Top of THE DATA
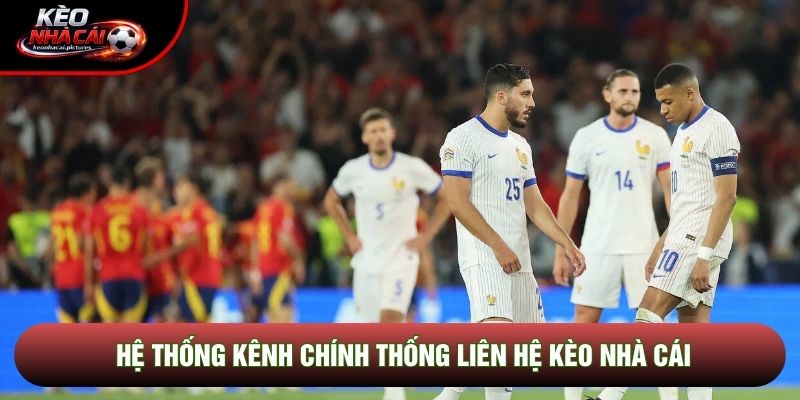 Hệ thống kênh chính thống liên hệ kèo nhà cái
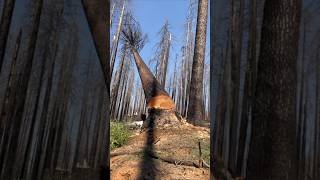 The sound of this tree falling is insane..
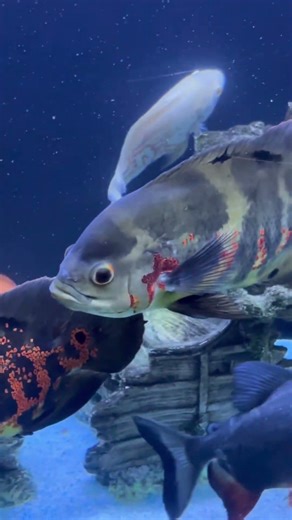 Oscarfish 🐠| #oscarfish #oscarfishtank #oscarfishcare #fish #fishtank #aquarium #ytshorts #shorts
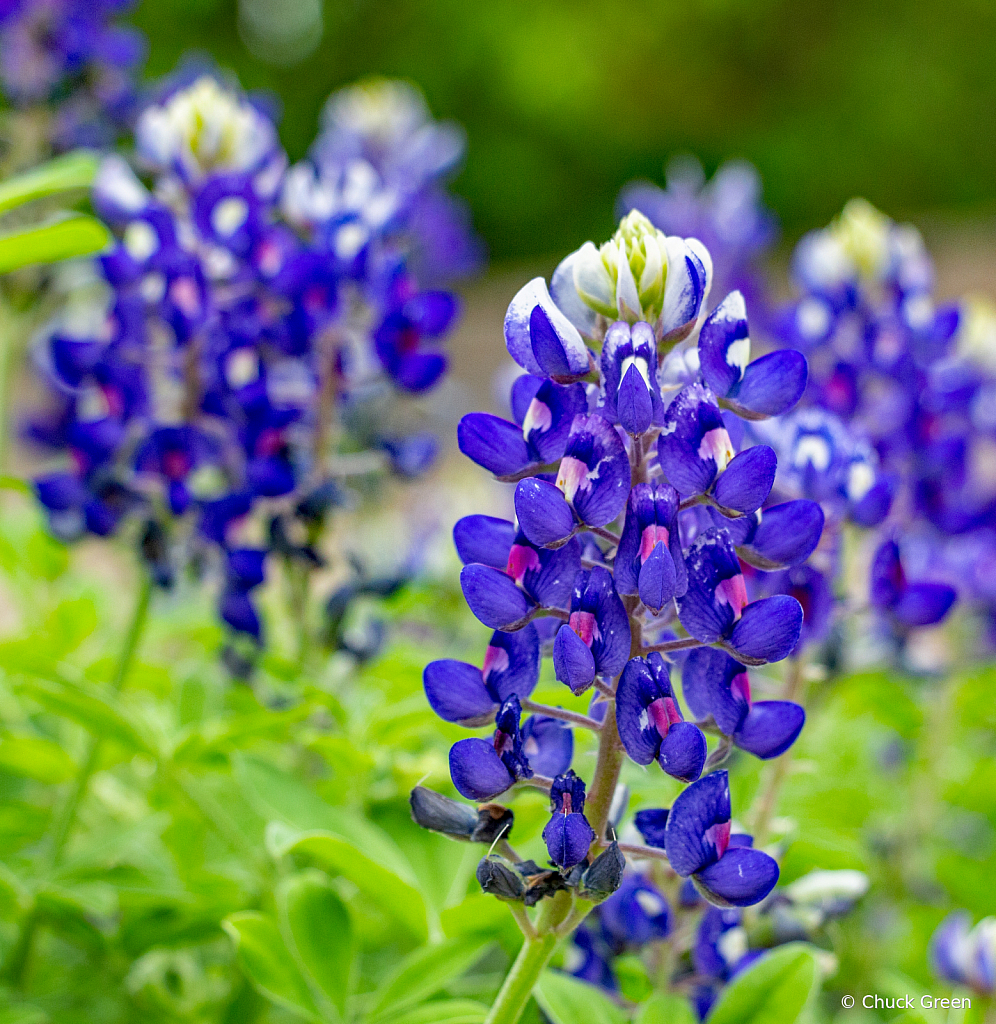 Springtime In Texas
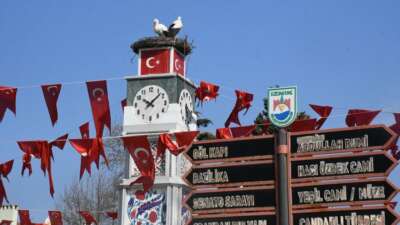 Geçtiğimiz yıl İznik’e yuva yapmak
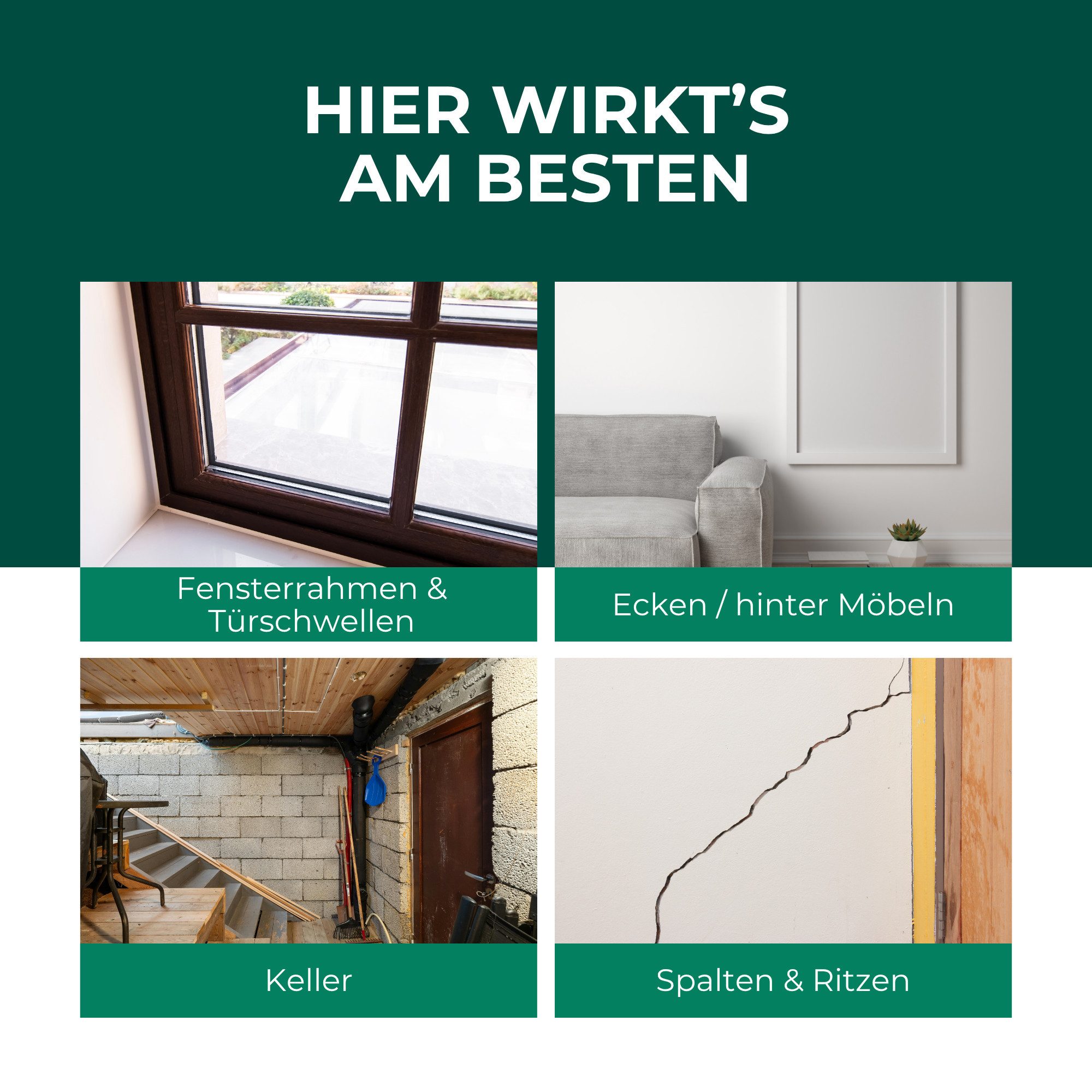 Silberkraft Insektenspray Spinnenspray 500 ml inkl. Gratis E-Book Gebrauchsfertiges Spray, Gezielt auf Ecken, Ritzen, Spalten oder hinter Möbeln sprühen, 1-St., – Bild 3 von 5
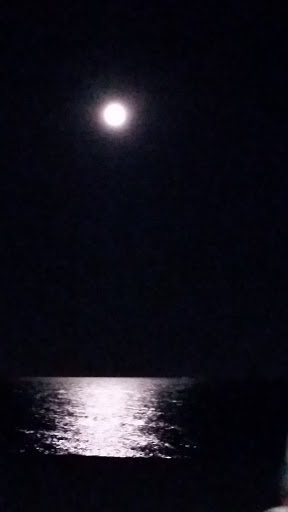 Breakfast Restaurant «Sandy Seagull Corner Store», reviews and photos, 101 1st Ave, Manasquan, NJ 08736, USA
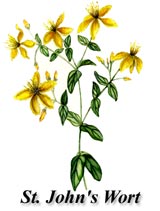 St. Johns Wort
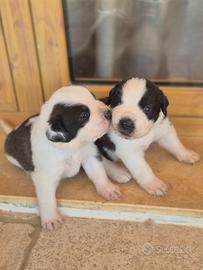 Cuccioli di sanbernardo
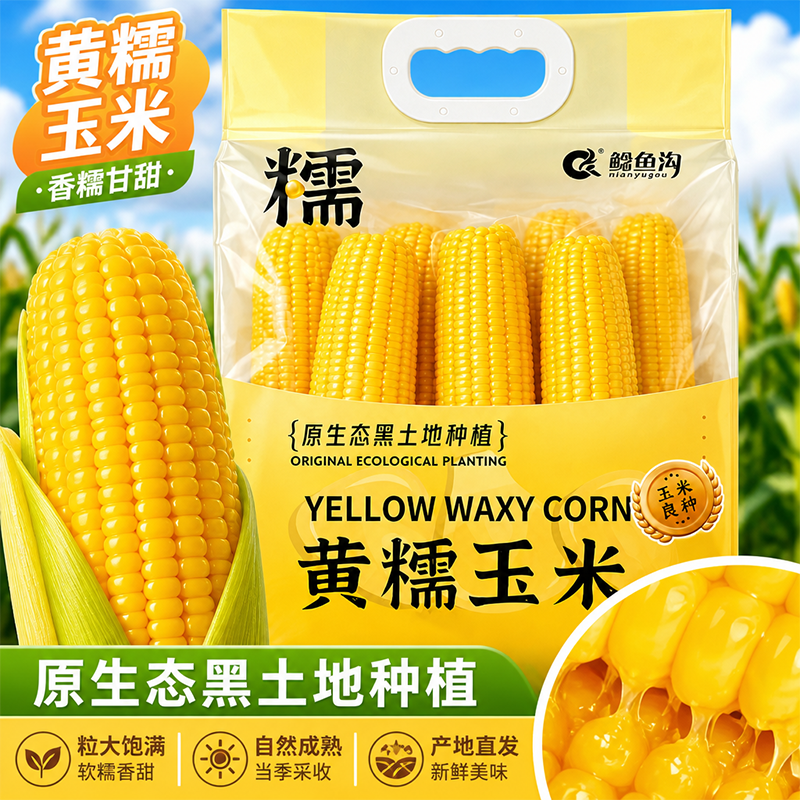 东北黑龙江鲶鱼沟黄糯玉米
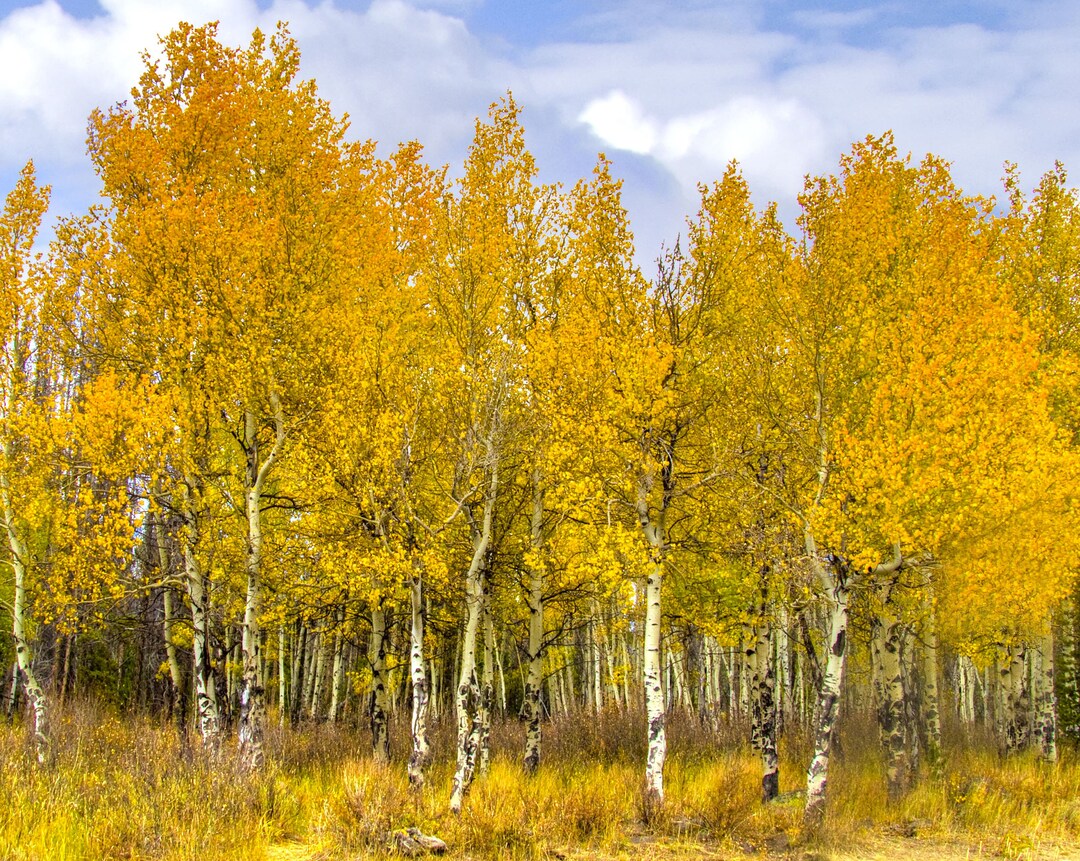 Quaking Aspen Trees Live Potted Seedlings 10 18 Inches Tall populus Tremuloides Etsy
Bottom of THE DATA
_AIM OF THE EXERCISE:_
Only the lines from the one containing "St. Johns Wort" through the last line of the material are to be restated word for word; no picture is to be included.

_EXERCISE SOLUTION:_
 St. Johns Wort
 Cuccioli di sanbernardo
 东北黑龙江鲶鱼沟黄糯玉米
 Quaking Aspen Trees Live Potted Seedlings 10 18 Inches Tall populus Tremuloides Etsy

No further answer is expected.